Chaque jour, le choix des activités est fait selon la méthode l’arrache, au gré de l’humeur et de l’envie des uns et des autres. Il n’est pas rare d’ailleurs que les présents se scindent en plusieurs groupes, voire même s’isolent. Parfois le mode d’ordre est rien. Ne rien faire, voilà une activité surprenante. J’essaye quelques fois, en laissant seulement le mode veille léger dans la tête, les pensées vagabondent, avec une queue et des têtes — les miennes sont souvent cerbères, qui m’empêchent de passer —, et j’observe ceux qui sont encore connectés.

Je n’ai pas oublié mon matériel lorsque j’ai préparé mes bagages. Tout le nécessaire est là, à portée de main. L’appareil de prise de vue, les éléments de transfert, l’unité de traitement et de stockage, tout a été vérifié et retesté. Plusieurs fois par jour, je pars en quête. L’image. Celle qui le plus souvent est faite à la volée, sans préparation, celle qui ne nécessitera pas de retouche, celle qui sera cyber-diffusable telle qu’enregistrée. J’ai fait le bilan à la fin du séjour. J’ai, je crois, une candidate que je posterai bientôt, sans dire bien sûr qu’elle a ma préférence, juste pour voir si mon goût s’accorde avec mes visiteurs.

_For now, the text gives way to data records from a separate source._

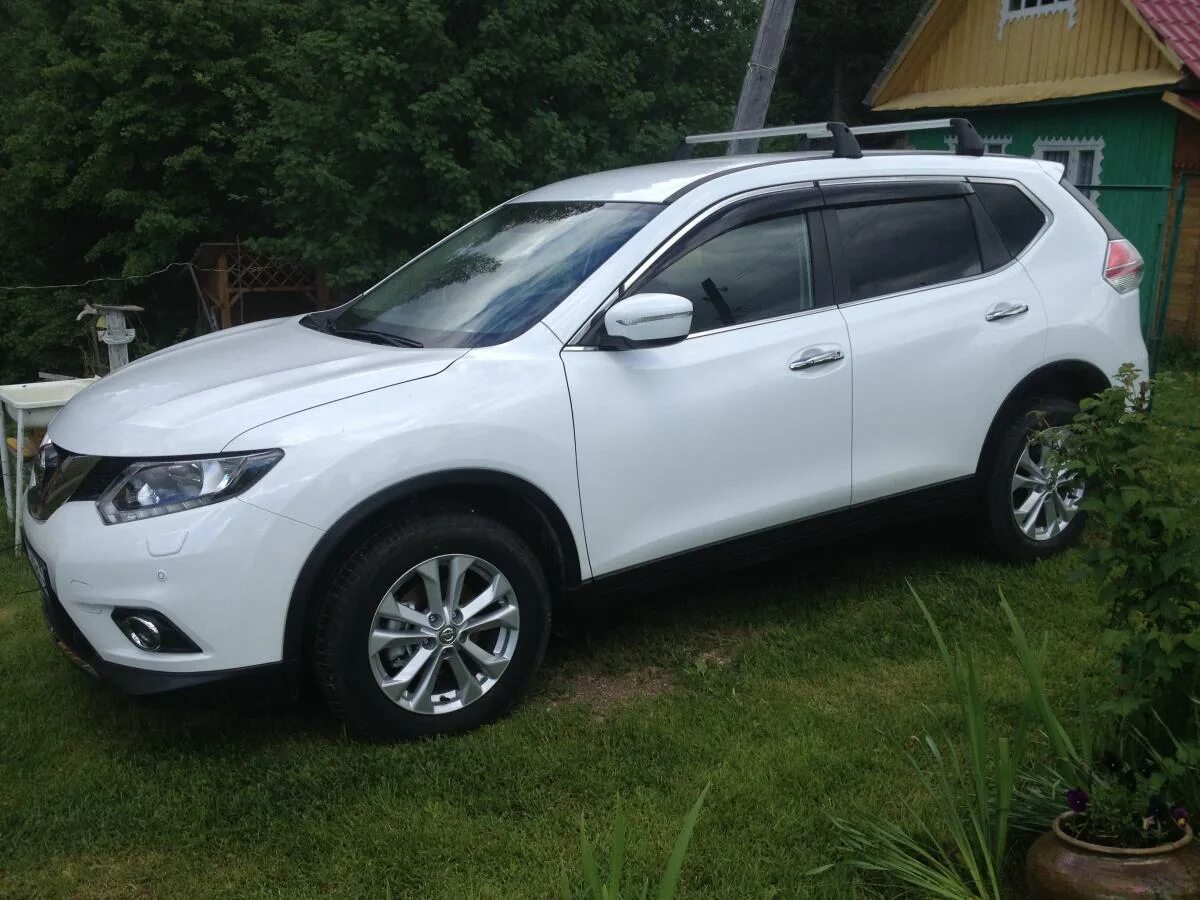 Автобокс на nissan x-trail t32. Рейлинги на ниссан х-трейл т32. Тонировка ниссан х-трейл т32. Ниссан х трейл без рейлингов. Тонировка nissan x trail t32.
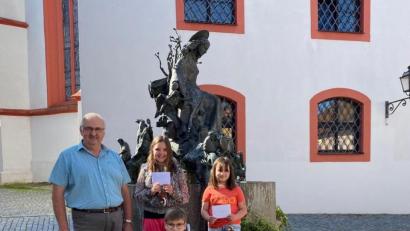 Bild: Andrea Gleißner/exb
Die Spende der Kommunionkinder nahm Herbert Putzer (links), Vorsitzender der Kinderkrebshilfe, entgegen.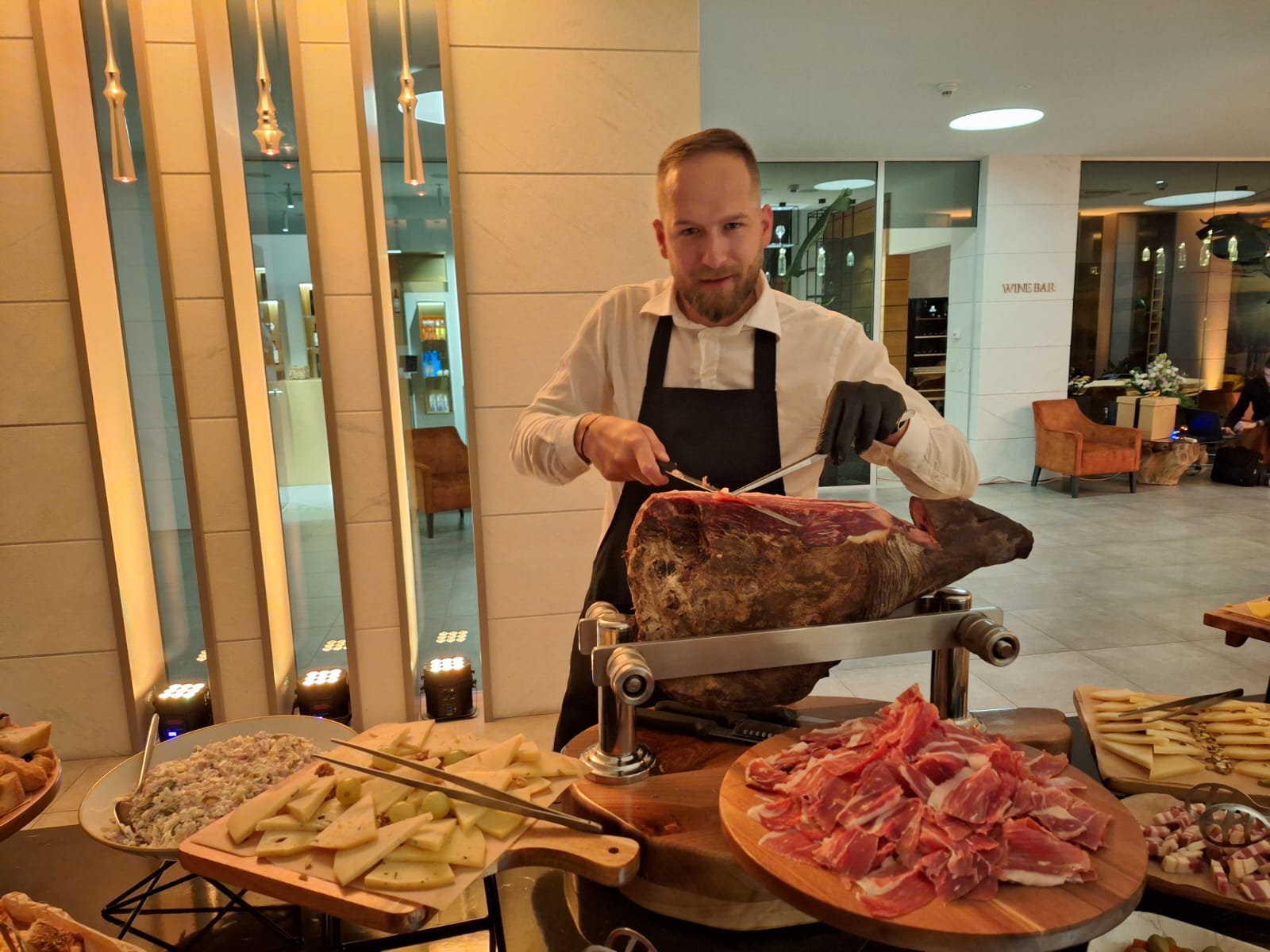 Profesionalno rezanje pršuta u restoranu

Parfois nous avons le plaisir de rencontrer d’autres cyber-connectés, bien que beaucoup moins présents que nous sur les réseaux. Un après-midi me marque particulièrement alors que nous abordons une vive discussion sur nos identités réelles et virtuelles. Comment s’accordent-elles. Choisir ou pas un pseudonyme qui nous suivra longtemps ou simplement quelques mois, le temps d’un passage à une autre dimension, autre compréhension. Échanges constituants. Ils le sont pour moi.

Mon petit cyber-apprenti marche vers plus d’autonomie, une fois les quelques digues étrangères rompues. Il découvre le plaisir d’essayer et de parfois réussir. Il découvre aussi le mal qu’il faut se donner pour apprendre et s’améliorer. Il ne surfe pas encore, mais il nage, y compris en eau profonde. Victoire.

Des plaisirs, chaque jour, différents. De l’imprévu légèrement prévu. Des moments savourés entourés. Des lumières partout, de toutes les couleurs. Parfois un peu d’ombre, triste, où nous nous serrons pour faire corps, pour réconforter. La chaleur nous entoure. C’est trop court, comme souvent, comme tous les moments importants. Trop court et si vivant.

Des vacances extraordinaires que j’ai réellement vécu cet été.